My wife and myself at our wedding.
My wife’s hair, like my wife, is beautiful.

Unfortunately, the wording of some of these topics makes it even more confusing. For example, in one video when Ben Shapiro is asked about “institional racism”, he immediately demanded to know which [institution] is the racist one? . It’s a brilliant debating tactic, even if it is fundamentally dishonest. Institutional racism isn’t “that organization down the street hates black people.” Hell, it’s not even racism in the sense that most people think of it. Institutional racism is the result of fundamentally unequal outcomes experienced by different ethnic groups due to structural issues in society’s laws and culture. But that doesn’t roll off the tongue as easily as “institutional racism,” so people like Ben Shapiro nitpick the latter term and hope you won’t notice the bigger picture.

And don’t even get me started on the mess of the slogan “Defund the Police.” It was never about defunding the police and of course it gives many people the idea that we’re arguing for anarchy. For those who are disinclined to listen in the first place, messages like “defund the police” drive us apart instead of together.
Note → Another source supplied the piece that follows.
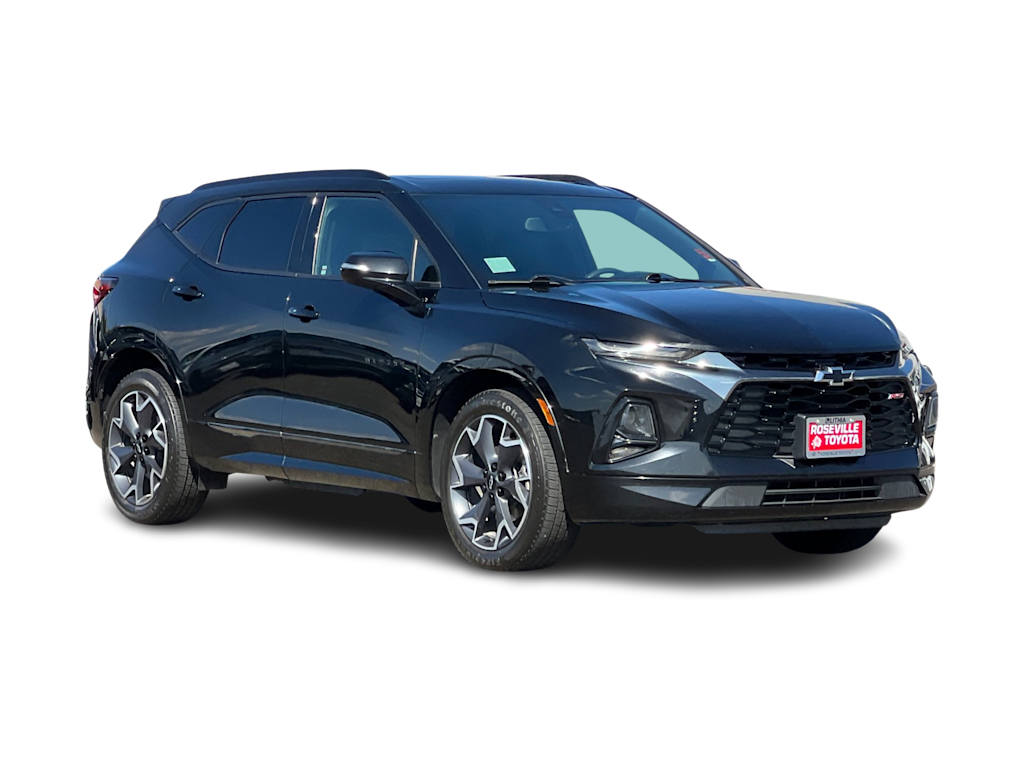 Thumbnail: 2022 Chevrolet Blazer - 19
Even former president Barack Obama has warned against the phrase , to little effect.

Yet, in the face of the protests and the issues surrounding it, hair seems like a minor issue, right? Well, not it’s not minor for many black people. Chris Rock produced an entire documentary about the black experience with hair.

Simply put, black hair is often different. It’s often tightly curled and considerably more difficult to brush and style than white hair. There’s a culture around black hair and it’s strongly associated with black cultural identity. In 2014, when the US Army banned female soldiers from wearing cornrows, braids, twists and dreadlocks , they didn’t mention race, but it was clear it was about race. With the limited options that black people have to style their hair, the US Army decided to take those options away. Or there was the case of Vanessa VanDyke. Her school threatened to expel her because of her hair . It was natural. There were no cornrows, braids, twists, or dreadlocks. It was simply black hair.

Many black people can tell you stories about being told their hair is dirty, or unprofessional, or offensive. People use black hair as an excuse for discrimination. Black hair is “ugly.” And yet when white people wear traditionally back hairstyles, they’re “hip” or “cool.” Usually the grief they get seems to be from black people, not white. Why should white people get away with something black people aren’t allowed to get away with?

I still can’t say that I know what the right answer is here, but the wrong answer is to fail to understand why hair can be such a sensitive topic to black people. I had no idea.

But I think it’s even better summed up in this comment on Reddit .

There is a long history in the US of black folks being othered for their hairstyles. Braids, locs, natural afros, super tight curls, all these things have set black Americans apart from white Americans. Even though protective hairstyles like braids and locs are necessary to keep many black hair textures healthy, the look was different than white people and therefore “unprofessional” and unattractive. Only in the last few decades have we begun to undo this conditioning. If you want a way better and way more compelling explanation than mine, Chris Rock made a documentary called “Good Hair” to explain black American culture around hair and it’s fascinating.

Anyway, if you’re from a group who has been historically criticized for the way your hair grows out of your head and then see some white people being able to do the same thing with relatively no scrutiny, you’d be pissed too. Cultural appropriation is not simply borrowing things from other cultures, it’s borrowing them without acknowledging what it means to that culture. In the US, black othering and the existence of “good hair (white hair)” is much more relevant to our culture than Viking matting.